Otra vez tuve que perder media hora de mi día esperando el siguiente tren. Me subí quince minutos antes, no había manera que se me escapara de nuevo.

Mientras bebía de una botella de agua para calmar mis nervios, una vez ya sentada y segura en mi tren de regreso a casa, contemplaba los demás andenes. Un tren llegó, las puertas se abrieron y un par de adultos jóvenes salieron corriendo, como desquiciados. Seguramente tenían una conexión en algún otro andén. Ahora los entiendo. Tal vez ahora no me importe mucho esperar media hora más, pero cuando tienes compromisos serios, perder el tren deja de ser una posibilidad. Recordaba mi vida en Bolivia, recordaba que al chofer del microbus le podía haber dicho: ¡Maestro! ¡Pare! estoy yendo hacia la dirección incorrecta, y él, tras protestar y gruñirme, hubiera arrinconado el bus y hubiera frenado en seco -primero para desequilibrarme y sonreírse, malévolo- y luego para que yo bajara y solucionara el error que, allá, no me perseguiría durante todo el día. Así son, buenas gentes.

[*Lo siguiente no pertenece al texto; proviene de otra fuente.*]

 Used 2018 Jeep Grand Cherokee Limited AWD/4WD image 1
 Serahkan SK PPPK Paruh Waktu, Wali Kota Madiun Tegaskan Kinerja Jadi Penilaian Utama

Ahora entiendo a quienes me decían que en Bolivia la vida es más tranquila. Allá si llegas tarde puedes rogarles y hay esperanza. Porque aquí, una vez que el tren te deja, el sentimiento de pérdida y frustración te persigue todo el día. Te deja intranquilo, nervioso. Una vez que has perdido un tren, tu día feliz ya no puede ser el mismo.

Y así, terminas siendo parte del estrés de una sociedad que vive apurada.

Pero, a favor de esta sociedad apurada, debo decir que aquí tienes otro tipo de tranquilidad: la tranquilidad de saber que las cosas funcionan. Porque funcionan como reloj.